Second, we completed two follow-up regressions with lower- and higher-income groups, respectively. Model 2 was completed with participants in the lower-income group only. The control variables entered in Step 1 explained 21.1% of the variation, F (2, 57) = 8.88, p < .001. Duplo scores were entered in Step 2, explaining an additional 14.5% of the variation in numeracy, F (3, 56) = 11.93, p < .001. Receptive vocabulary and Duplo scores were significant predictors in the final model (see Table 4). Model 3 was completed with participants in the higher-income group only. The control variables that were entered in Step 1 explained 31.4% of the variation, F (2, 53) = 13.58, p < .001. Duplo scores were entered in Step 2 and explained no additional variation in numeracy (adjusted R² = 0.305). Receptive vocabulary was the only significant predictor in the final model (see Table 4). To ensure that the results for the high-income group could not be explained by ceiling effects, a one-way t-test comparing performance on block construction to ceiling performance (100%) found that the high-income group was not at the ceiling, t(55) = 7.317, p < .001, d = 0.031.

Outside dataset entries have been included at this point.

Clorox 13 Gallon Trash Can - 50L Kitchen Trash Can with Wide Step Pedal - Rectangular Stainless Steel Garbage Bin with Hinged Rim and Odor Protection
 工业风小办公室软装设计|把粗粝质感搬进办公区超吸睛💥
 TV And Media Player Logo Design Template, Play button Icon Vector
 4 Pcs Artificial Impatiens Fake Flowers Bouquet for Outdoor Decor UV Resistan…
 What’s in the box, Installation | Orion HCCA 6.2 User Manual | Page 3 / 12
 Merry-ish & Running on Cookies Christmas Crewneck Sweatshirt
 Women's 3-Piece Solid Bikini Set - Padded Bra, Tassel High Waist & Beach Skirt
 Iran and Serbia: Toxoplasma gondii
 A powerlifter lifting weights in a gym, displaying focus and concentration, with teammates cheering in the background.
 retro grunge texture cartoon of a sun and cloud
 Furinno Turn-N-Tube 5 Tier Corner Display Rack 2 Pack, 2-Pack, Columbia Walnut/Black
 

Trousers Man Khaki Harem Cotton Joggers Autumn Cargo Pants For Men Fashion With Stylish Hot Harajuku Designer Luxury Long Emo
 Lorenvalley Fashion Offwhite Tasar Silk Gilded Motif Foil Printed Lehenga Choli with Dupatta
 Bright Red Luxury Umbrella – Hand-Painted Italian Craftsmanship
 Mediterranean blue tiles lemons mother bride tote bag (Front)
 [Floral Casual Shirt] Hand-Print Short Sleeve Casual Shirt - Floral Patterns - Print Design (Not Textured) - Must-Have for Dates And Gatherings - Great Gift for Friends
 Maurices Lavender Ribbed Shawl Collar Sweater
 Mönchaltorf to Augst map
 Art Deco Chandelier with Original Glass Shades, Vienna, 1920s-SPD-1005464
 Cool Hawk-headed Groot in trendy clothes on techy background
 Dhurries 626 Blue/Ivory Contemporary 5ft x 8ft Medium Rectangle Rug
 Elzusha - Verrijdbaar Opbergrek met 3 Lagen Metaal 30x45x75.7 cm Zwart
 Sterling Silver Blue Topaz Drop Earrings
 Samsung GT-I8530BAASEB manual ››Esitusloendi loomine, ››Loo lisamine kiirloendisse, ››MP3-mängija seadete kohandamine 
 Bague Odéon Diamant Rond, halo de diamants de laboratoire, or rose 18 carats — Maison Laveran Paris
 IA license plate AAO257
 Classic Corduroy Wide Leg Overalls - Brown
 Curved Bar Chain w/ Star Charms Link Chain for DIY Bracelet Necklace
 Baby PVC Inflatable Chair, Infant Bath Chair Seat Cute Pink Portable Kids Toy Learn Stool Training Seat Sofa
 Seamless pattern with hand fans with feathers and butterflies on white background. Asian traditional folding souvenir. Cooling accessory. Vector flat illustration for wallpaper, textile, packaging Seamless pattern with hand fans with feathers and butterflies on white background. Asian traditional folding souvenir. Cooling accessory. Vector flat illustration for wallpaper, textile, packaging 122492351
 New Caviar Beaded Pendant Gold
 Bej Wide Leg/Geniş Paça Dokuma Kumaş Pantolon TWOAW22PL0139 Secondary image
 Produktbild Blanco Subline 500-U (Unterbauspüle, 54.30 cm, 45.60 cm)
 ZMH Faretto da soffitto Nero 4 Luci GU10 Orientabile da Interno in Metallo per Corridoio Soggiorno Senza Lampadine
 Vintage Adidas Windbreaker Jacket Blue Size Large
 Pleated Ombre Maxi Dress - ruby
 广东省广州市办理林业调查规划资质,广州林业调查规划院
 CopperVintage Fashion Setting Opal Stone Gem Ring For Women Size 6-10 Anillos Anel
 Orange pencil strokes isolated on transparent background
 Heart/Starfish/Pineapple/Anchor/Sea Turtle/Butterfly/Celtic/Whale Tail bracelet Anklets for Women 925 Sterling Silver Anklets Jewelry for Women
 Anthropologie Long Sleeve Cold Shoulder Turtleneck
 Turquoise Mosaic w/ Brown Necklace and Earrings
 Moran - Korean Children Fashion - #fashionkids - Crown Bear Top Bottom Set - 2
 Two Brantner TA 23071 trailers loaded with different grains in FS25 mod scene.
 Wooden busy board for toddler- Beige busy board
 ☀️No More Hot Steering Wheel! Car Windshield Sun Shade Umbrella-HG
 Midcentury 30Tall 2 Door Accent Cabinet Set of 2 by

For all the regression models, the collinearity statistics fell within acceptable levels, i.e., VIF (cut-off < 10) (Myers 1990) and tolerance (cut-off > 0.2) (Menard 1995). Furthermore, we repeated all analyses using a composite SES score in place of household income. The results can be found in Appendix A. It is noteworthy that for the SES composite, the interaction term between Duplo scores and SES was not significant (p = 0.197); however, the beta value (0.13) was comparable to the model presented in the main paper (0.17). For consistency with the main paper, follow-up regression for high- and low-income groups and simple slope analyses were completed. The patterns of results from these analyses using an SES composite mirrored those in the main paper using household income.

4. Discussion

The findings show a strong positive association between block construction and early numeracy skills at the age where children enter formal education in the UK. Block construction skills explained approximately 5% of the variation in numeracy, even after controlling for age in months, household income, and child receptive vocabulary. Receptive vocabulary is used as a proxy for IQ in this study, as also seen in Hodgkiss et al. (2018) and Gilligan et al. (2019). These findings complement and extend previous research such that structured block play has been associated with mathematics performance at various ages, including preschoolers (age 3) (see Verdine et al. 2014a, 2014c; Bower et al. 2020b) and older, primary school children (ages 6–8; see Thomson et al. 2018; Richardson et al. 2014; Nath and Szücs 2014). This study extends the evidence on the associations between block construction and mathematics by investigating a population of children before they first enter formal education in the UK. Given the age group included, the findings provide measures of block construction and numeracy performance from children that have not yet been influenced by formal educational learning, i.e., the experiences influencing the development of these skills in our sample are due to the cumulative effects of nursery, early years childcare, and home environments. This means, for example, that associations between the skills are unlikely to be explained by children learning spatial problem-solving strategies for numeracy. Furthermore, these findings highlight one possible intervention target for promoting maths-readiness in children of this age. Studying this age group of children has particular relevance for Reception teachers in the UK, who are tasked by the UK government to reduce attainment gaps when children enter school (at 4 years).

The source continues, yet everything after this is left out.